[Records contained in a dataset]
════
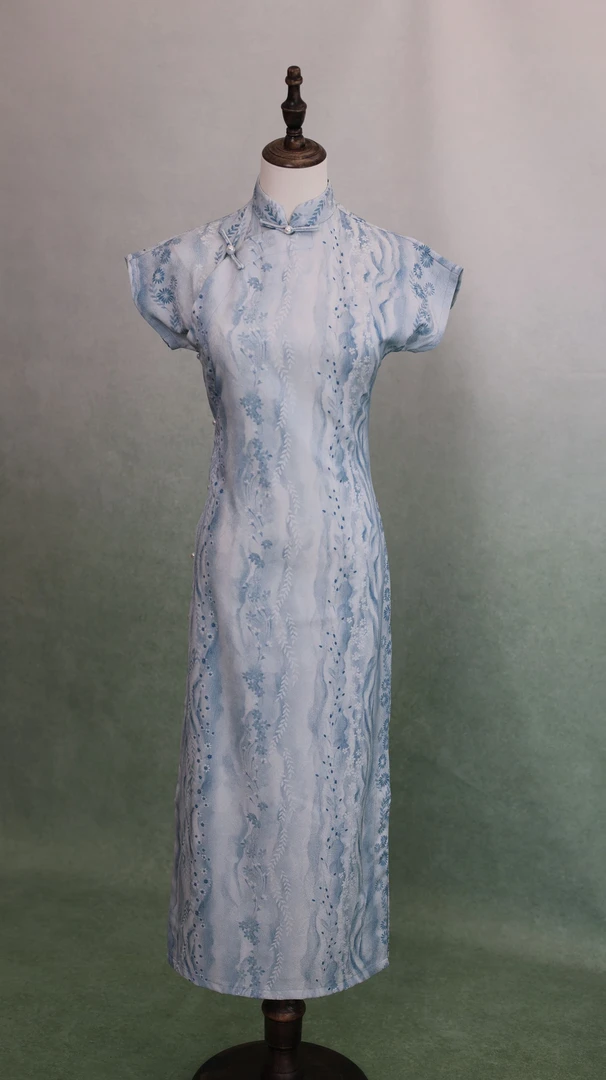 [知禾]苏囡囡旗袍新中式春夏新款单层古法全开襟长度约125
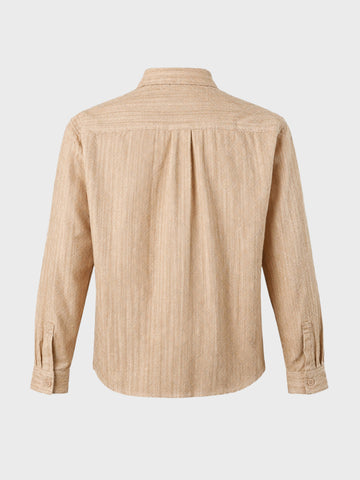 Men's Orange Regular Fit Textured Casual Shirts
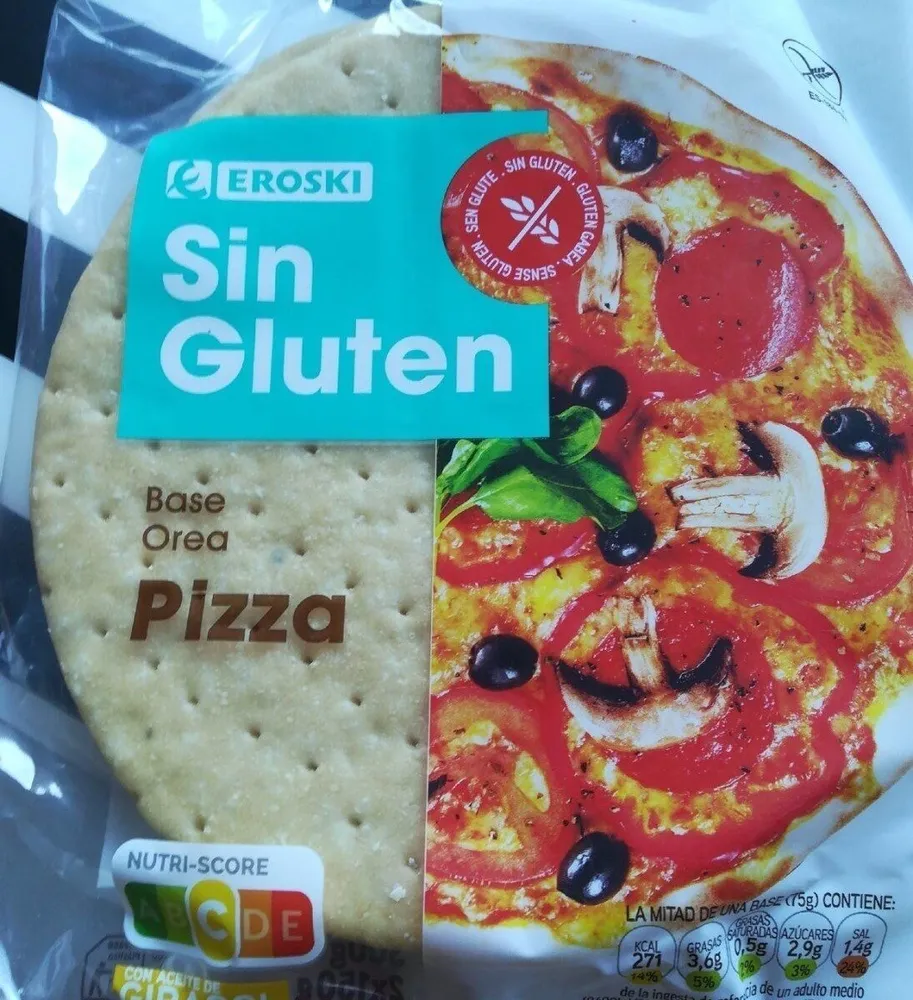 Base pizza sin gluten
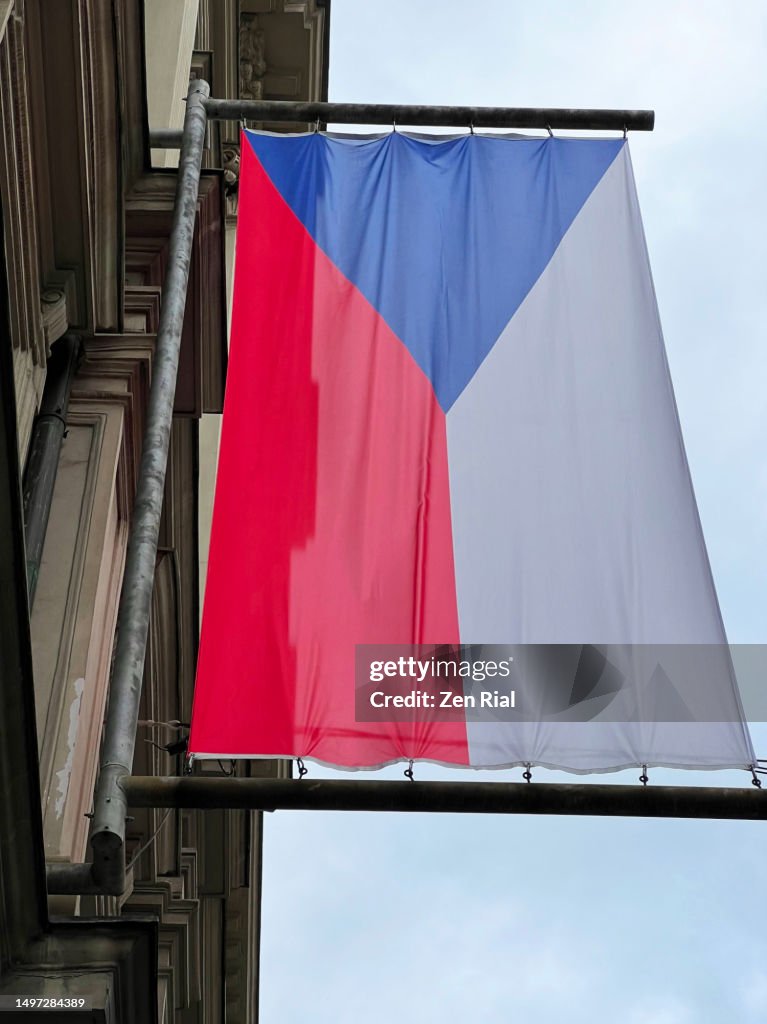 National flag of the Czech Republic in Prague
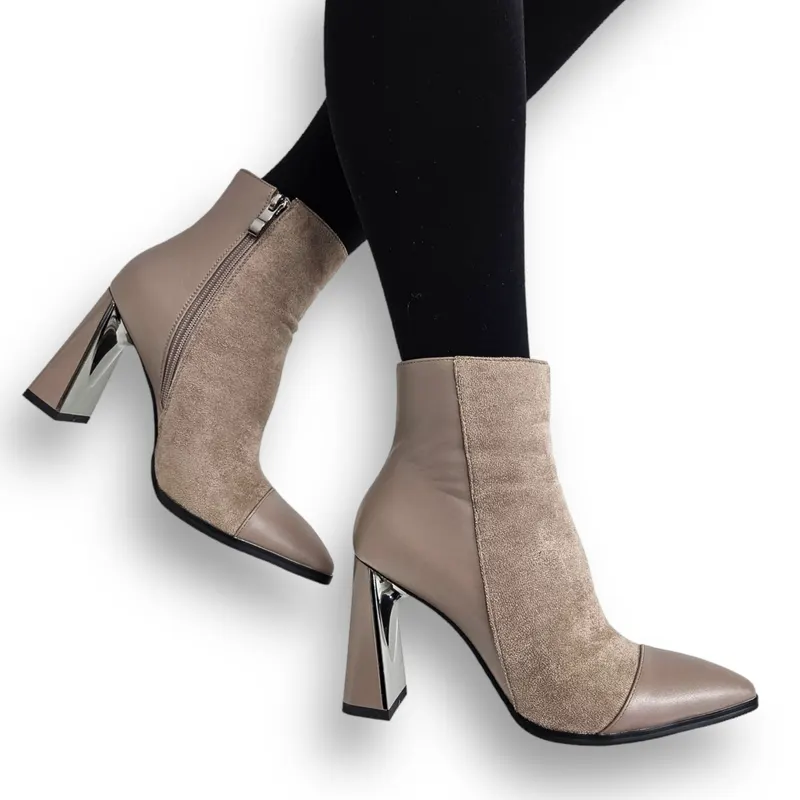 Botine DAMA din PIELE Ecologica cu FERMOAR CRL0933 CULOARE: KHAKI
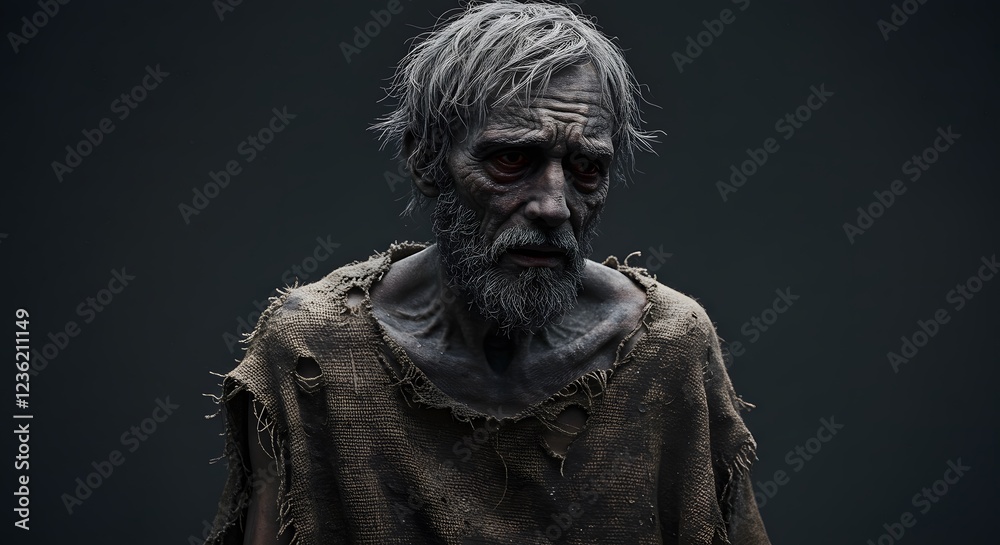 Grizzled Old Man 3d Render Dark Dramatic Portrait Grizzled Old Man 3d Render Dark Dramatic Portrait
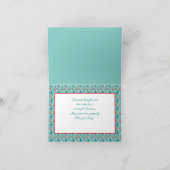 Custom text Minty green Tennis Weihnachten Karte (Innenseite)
════
▶ EXERCISE BRIEF:
What is needed here is an exact copy of all the entries, without the pictures.

▶ RESULT:
 [知禾]苏囡囡旗袍新中式春夏新款单层古法全开襟长度约125
 Men's Orange Regular Fit Textured Casual Shirts
 Base pizza sin gluten
 National flag of the Czech Republic in Prague
 Botine DAMA din PIELE Ecologica cu FERMOAR CRL0933 CULOARE: KHAKI
 Grizzled Old Man 3d Render Dark Dramatic Portrait Grizzled Old Man 3d Render Dark Dramatic Portrait
 Custom text Minty green Tennis Weihnachten Karte (Innenseite)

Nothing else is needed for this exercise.